Agreed. I actually started from stacked packed-refs as the format
proposal and iterated on that several times before starting to draft
reftable. I like that packed-refs is already a format, and its human
readable. It unfortunately still didn't solve enough other objectives,
which led me towards reftable.

> * Do you propose to store *all* references (i.e., including the
> references that we call pseudorefs, like `HEAD`, `FETCH_HEAD`, etc) in
> reftables, or only the references under `refs/`? If the former, then
> you need to consider that some pseudorefs contain additional
> information besides the SHA-1 or linked-to reference. If the latter,
> then you could get some additional compression by making the `refs/`
> prefix implicit rather than storing it in the "restart" records
> explicitly.

Great question I didn't have an answer for. I was planning to store
HEAD, but not FETCH_HEAD/MERGE_HEAD/etc. Mostly because our storage
system at $DAY_JOB doesn't have a place to store HEAD itself, its
buried down in the reference system. So reftable has to do the job.

The file format for reftable describes a type 0x3 which is just a
length delimited byte string.
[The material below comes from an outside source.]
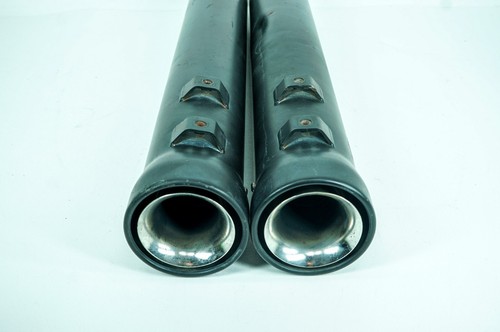 12 Harley Road Glide Touring Exhaust Muffler Silencer Cobra Rusty SCRATCH 1325 - Bild 15 von 22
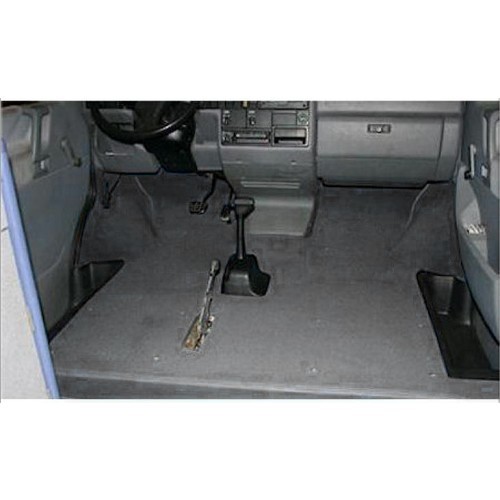  Teppichboden in der Vorderkabine mit Durchgang nach hinten für Transporter T4, Farbe grau meliert - KB28111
Provided that the data fits into a
single block, reftable can store these larger files with their
auxiliary data.

I'm open to the idea of HEAD and friends being outside of reftable in
a git-core accessed repository, but the backend storage I want to run
reftable on would likely need to store HEAD inside reftable.

>   Personally, I don't think it makes sense to store pseudorefs in
> reftables. HEAD, though it doesn't include any supplemental
> information, is read so frequently that it seems like a bad idea to
> have to go through the lookup process rather than storing it in a
> separate flat file. Moreover, HEAD is written very *infrequently*, so
> (absent special treatment) it would tend to sink deep in the reftable
> stack, making reads even more expensive.

That is a very fair argument for keeping HEAD outside.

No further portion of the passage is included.